### RECORDS TO USE
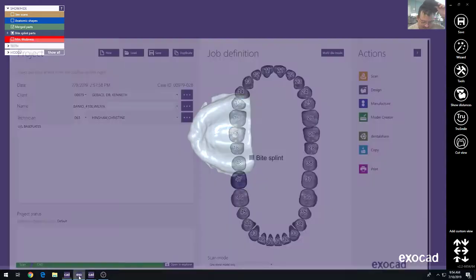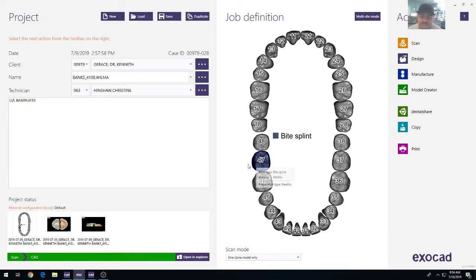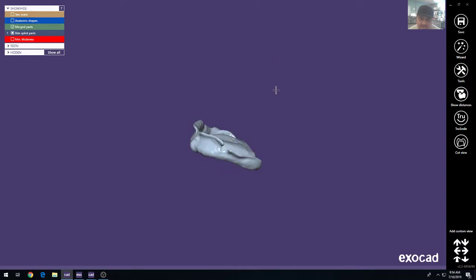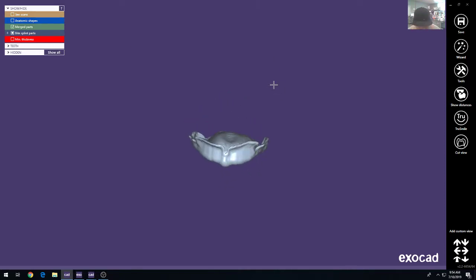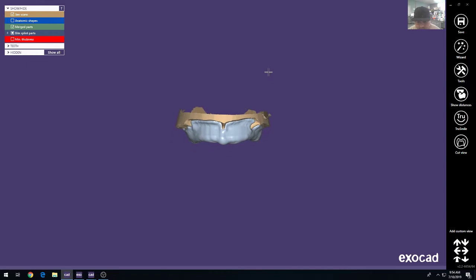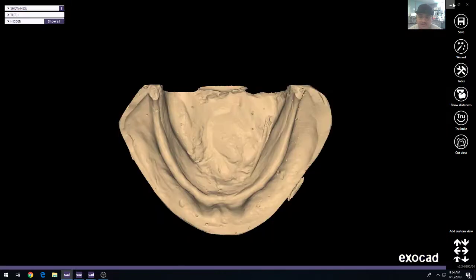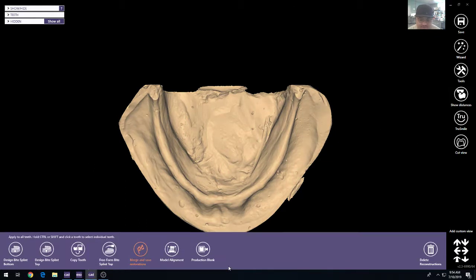You can see that we mark basically the database for one tooth Bitesplint. That will activate everything you need. Unfortunately, you're going to need to do the upper and lower in separate workflows in separate work orders.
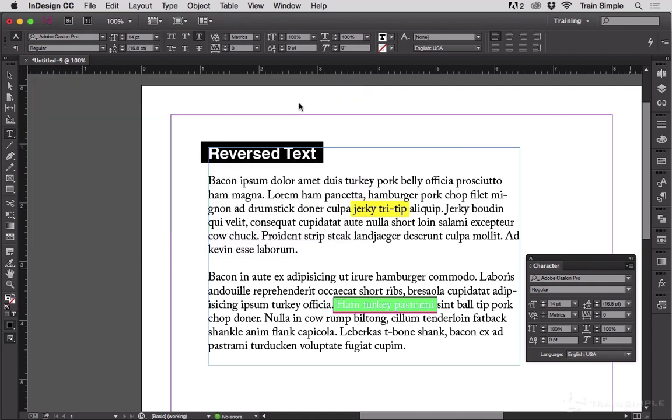And then click OK. And you now have the ability to highlight text.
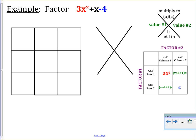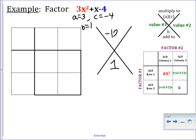We will do this next example together — factoring 3x² + x − 4. So a = 3, c = −4, and b = 1. Filling in our x: b is 1, and a times c is −12. From here we need to figure out the values that multiply to −12 and add to +1. These are 4 and −3. After you fill in your x, it's helpful to double-check: 4 times −3 is −12, and 4 plus −3 is 1.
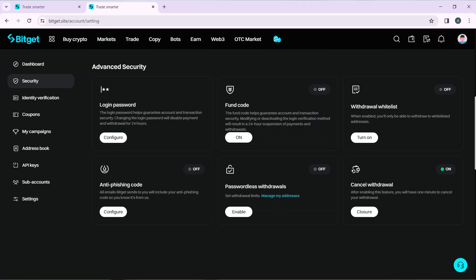The login password helps guarantee your account's security. Note that changing your login password will disable payments and withdrawals for 24 hours, so keep that in mind.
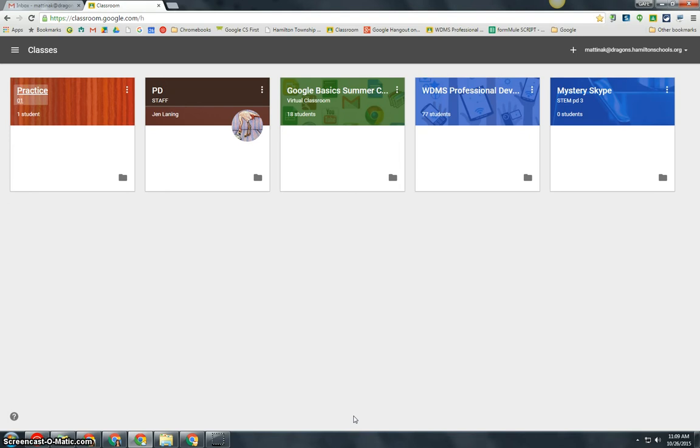First, you need to log into your Google Apps for Education account and go to classroom.google.com. Next, you will see a list of your classes that you either created or joined.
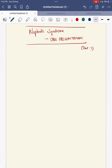Hello everyone. Today we will complete the nephrotic syndrome and its case presentation, the remaining part. We have completed till the history of present illness. Today we will go on with the past history.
######
The answer is the lines above, word for word, from the first one through the one containing "And then click"; it includes no pictures.

You can see that we mark basically the database for one tooth Bitesplint. That will activate everything you need. Unfortunately, you're going to need to do the upper and lower in separate workflows in separate work orders.
And then click OK. And you now have the ability to highlight text.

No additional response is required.